## SOURCE MATERIAL
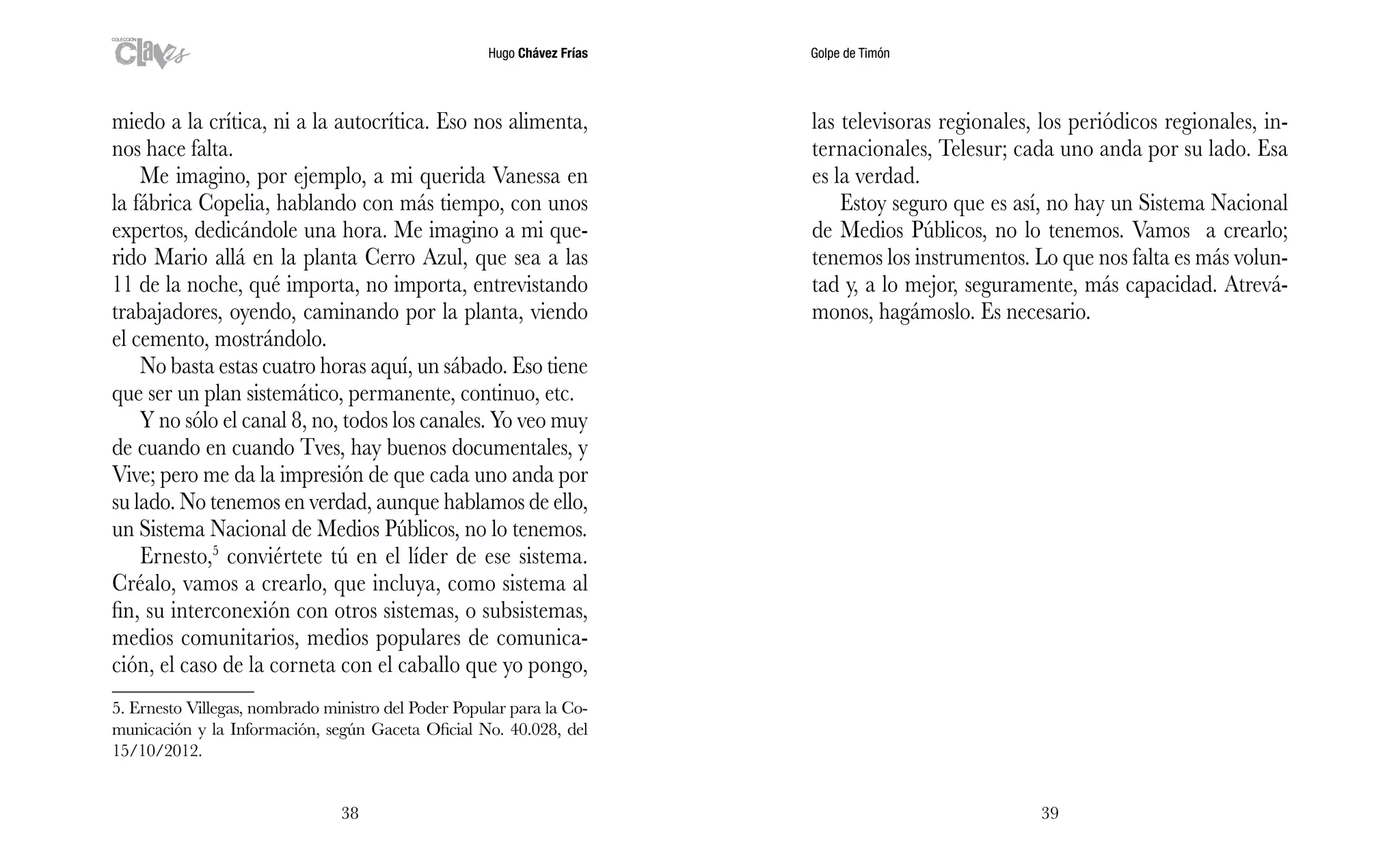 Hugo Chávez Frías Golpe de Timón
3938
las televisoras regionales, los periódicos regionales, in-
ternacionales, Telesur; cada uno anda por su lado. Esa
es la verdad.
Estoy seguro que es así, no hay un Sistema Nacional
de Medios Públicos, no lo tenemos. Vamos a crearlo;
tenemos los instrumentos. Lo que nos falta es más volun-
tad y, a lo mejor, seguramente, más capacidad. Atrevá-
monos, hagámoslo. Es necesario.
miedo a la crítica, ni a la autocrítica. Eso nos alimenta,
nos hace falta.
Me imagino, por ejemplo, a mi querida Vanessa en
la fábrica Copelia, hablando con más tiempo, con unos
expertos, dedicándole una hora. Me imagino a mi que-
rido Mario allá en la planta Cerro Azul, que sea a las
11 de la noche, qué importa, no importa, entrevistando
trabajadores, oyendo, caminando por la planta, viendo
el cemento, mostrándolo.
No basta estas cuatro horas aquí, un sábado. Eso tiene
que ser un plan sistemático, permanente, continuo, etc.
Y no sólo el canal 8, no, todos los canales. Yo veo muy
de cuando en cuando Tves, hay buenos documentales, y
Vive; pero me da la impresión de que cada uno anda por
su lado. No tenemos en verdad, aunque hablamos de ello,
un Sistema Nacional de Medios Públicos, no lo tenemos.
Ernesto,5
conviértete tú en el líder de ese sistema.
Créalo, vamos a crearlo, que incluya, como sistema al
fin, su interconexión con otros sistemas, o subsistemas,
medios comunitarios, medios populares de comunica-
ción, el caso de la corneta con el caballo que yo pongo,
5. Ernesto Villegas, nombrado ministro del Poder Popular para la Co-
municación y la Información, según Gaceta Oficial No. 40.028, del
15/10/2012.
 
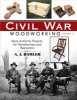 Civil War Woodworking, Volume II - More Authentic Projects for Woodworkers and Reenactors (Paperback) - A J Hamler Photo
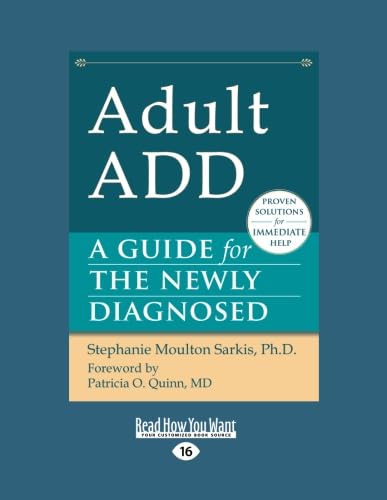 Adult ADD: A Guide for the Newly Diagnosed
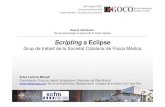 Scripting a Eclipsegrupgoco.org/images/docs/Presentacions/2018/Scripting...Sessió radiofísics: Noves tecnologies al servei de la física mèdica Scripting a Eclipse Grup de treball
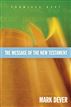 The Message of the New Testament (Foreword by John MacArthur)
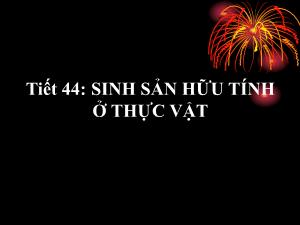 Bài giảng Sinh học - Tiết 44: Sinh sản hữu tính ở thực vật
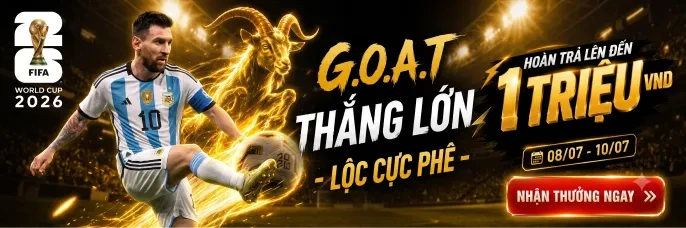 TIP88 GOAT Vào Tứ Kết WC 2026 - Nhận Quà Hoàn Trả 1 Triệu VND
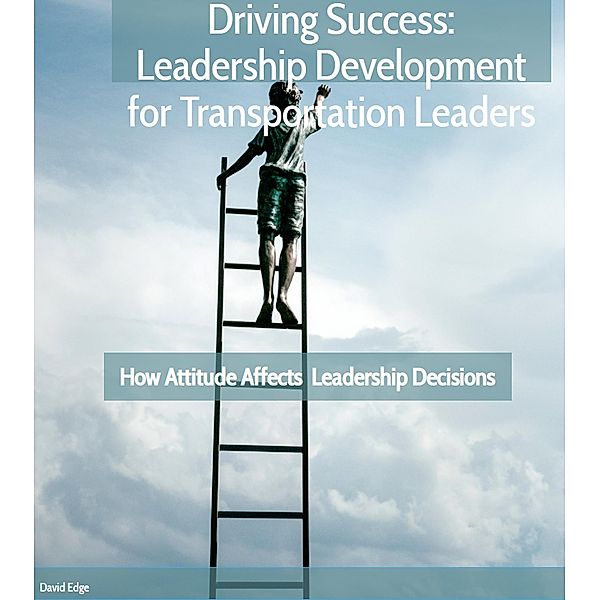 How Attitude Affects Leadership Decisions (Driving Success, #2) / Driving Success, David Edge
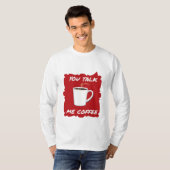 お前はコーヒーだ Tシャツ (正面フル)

## HOW TO COMPLETE THIS TASK
Set down the records in full and exactly. Do not carry over any image.

## ANSWER AREA
 Hugo Chávez Frías Golpe de Timón
3938
las televisoras regionales, los periódicos regionales, in-
ternacionales, Telesur; cada uno anda por su lado. Esa
es la verdad.
Estoy seguro que es así, no hay un Sistema Nacional
de Medios Públicos, no lo tenemos. Vamos a crearlo;
tenemos los instrumentos. Lo que nos falta es más volun-
tad y, a lo mejor, seguramente, más capacidad. Atrevá-
monos, hagámoslo. Es necesario.
miedo a la crítica, ni a la autocrítica. Eso nos alimenta,
nos hace falta.
Me imagino, por ejemplo, a mi querida Vanessa en
la fábrica Copelia, hablando con más tiempo, con unos
expertos, dedicándole una hora. Me imagino a mi que-
rido Mario allá en la planta Cerro Azul, que sea a las
11 de la noche, qué importa, no importa, entrevistando
trabajadores, oyendo, caminando por la planta, viendo
el cemento, mostrándolo.
No basta estas cuatro horas aquí, un sábado. Eso tiene
que ser un plan sistemático, permanente, continuo, etc.
Y no sólo el canal 8, no, todos los canales. Yo veo muy
de cuando en cuando Tves, hay buenos documentales, y
Vive; pero me da la impresión de que cada uno anda por
su lado. No tenemos en verdad, aunque hablamos de ello,
un Sistema Nacional de Medios Públicos, no lo tenemos.
Ernesto,5
conviértete tú en el líder de ese sistema.
Créalo, vamos a crearlo, que incluya, como sistema al
fin, su interconexión con otros sistemas, o subsistemas,
medios comunitarios, medios populares de comunica-
ción, el caso de la corneta con el caballo que yo pongo,
5. Ernesto Villegas, nombrado ministro del Poder Popular para la Co-
municación y la Información, según Gaceta Oficial No. 40.028, del
15/10/2012.
 
 Civil War Woodworking, Volume II - More Authentic Projects for Woodworkers and Reenactors (Paperback) - A J Hamler Photo
 Adult ADD: A Guide for the Newly Diagnosed
 Scripting a Eclipsegrupgoco.org/images/docs/Presentacions/2018/Scripting...Sessió radiofísics: Noves tecnologies al servei de la física mèdica Scripting a Eclipse Grup de treball
 The Message of the New Testament (Foreword by John MacArthur)
 Bài giảng Sinh học - Tiết 44: Sinh sản hữu tính ở thực vật
 TIP88 GOAT Vào Tứ Kết WC 2026 - Nhận Quà Hoàn Trả 1 Triệu VND
 How Attitude Affects Leadership Decisions (Driving Success, #2) / Driving Success, David Edge
 お前はコーヒーだ Tシャツ (正面フル)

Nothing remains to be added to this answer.